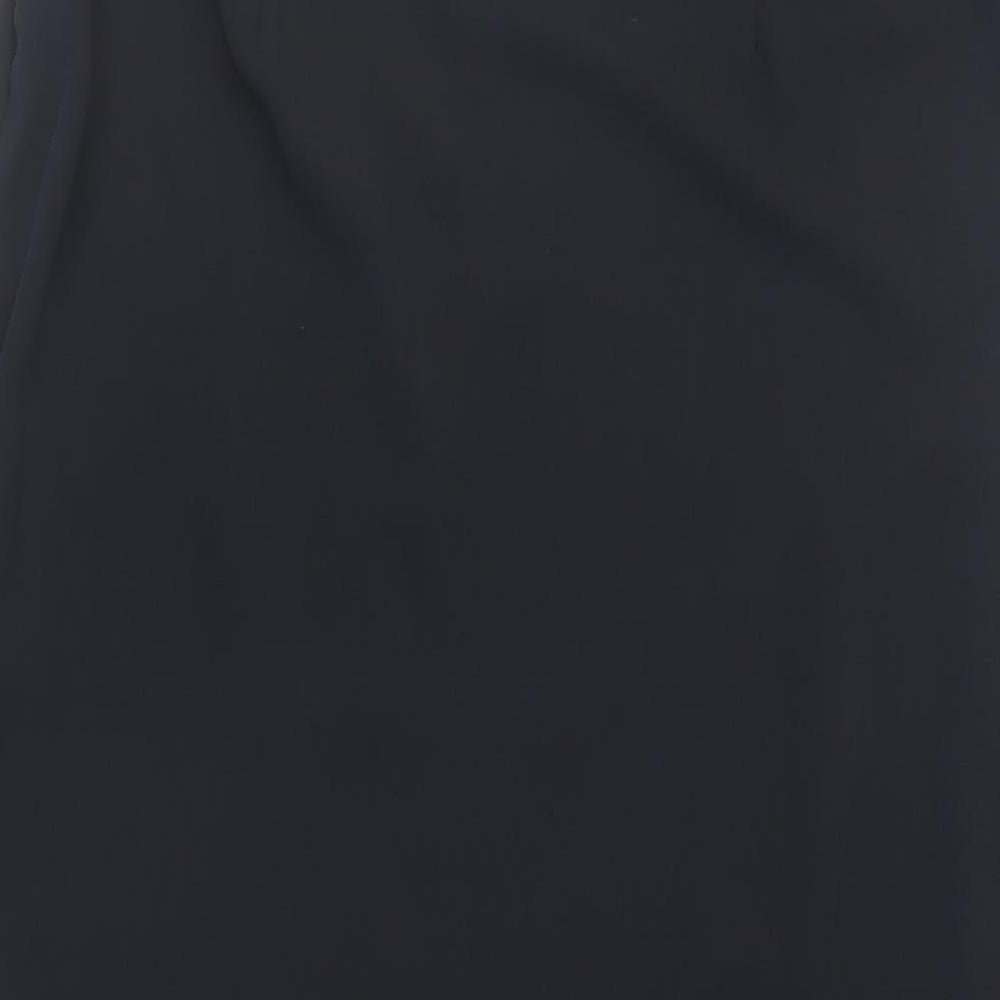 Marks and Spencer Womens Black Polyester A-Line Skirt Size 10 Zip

•••••

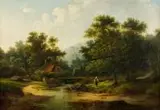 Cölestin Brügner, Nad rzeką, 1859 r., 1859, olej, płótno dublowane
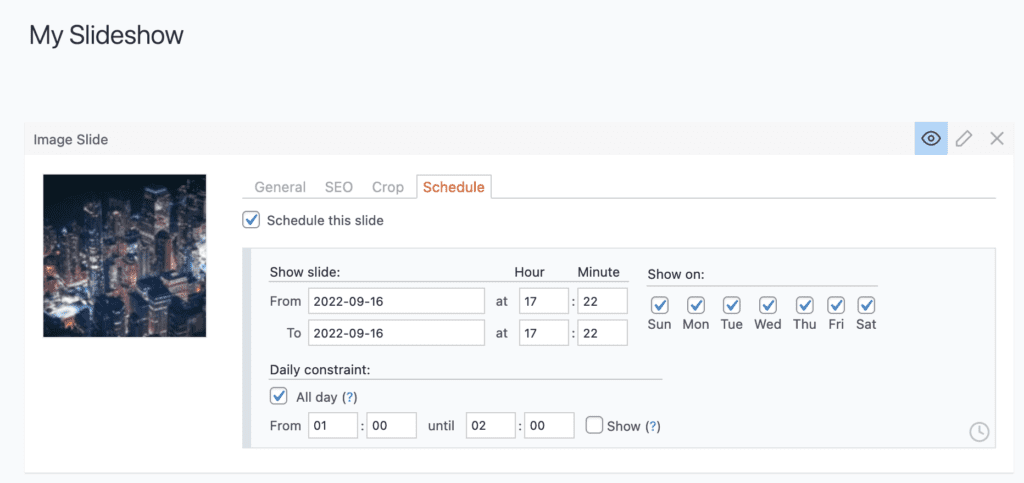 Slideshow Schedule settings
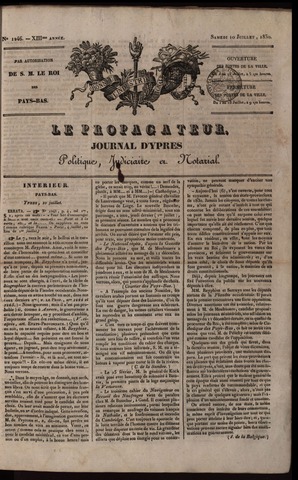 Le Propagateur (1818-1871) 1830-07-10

•••••

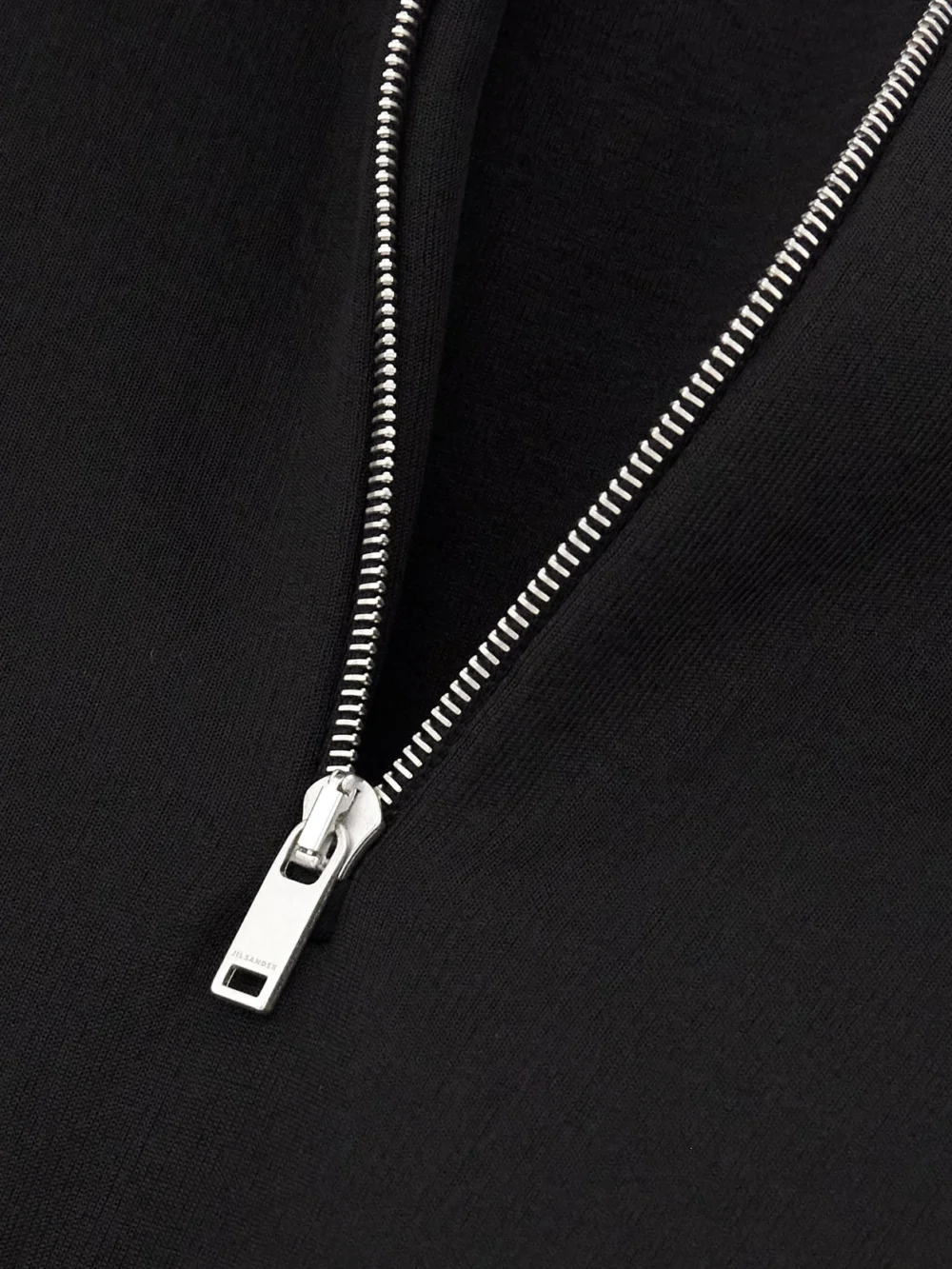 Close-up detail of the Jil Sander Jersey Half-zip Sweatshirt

•••••

▸ **Task directions**
Working from the records above, set down word for word everything from the line containing "Cölestin Brügner, Nad" down to the line containing "Le Propagateur (1818-1871) 1830-07-10", ends included, minus the pictures.

▸ **Written answer**
 Cölestin Brügner, Nad rzeką, 1859 r., 1859, olej, płótno dublowane
 Slideshow Schedule settings
 Le Propagateur (1818-1871) 1830-07-10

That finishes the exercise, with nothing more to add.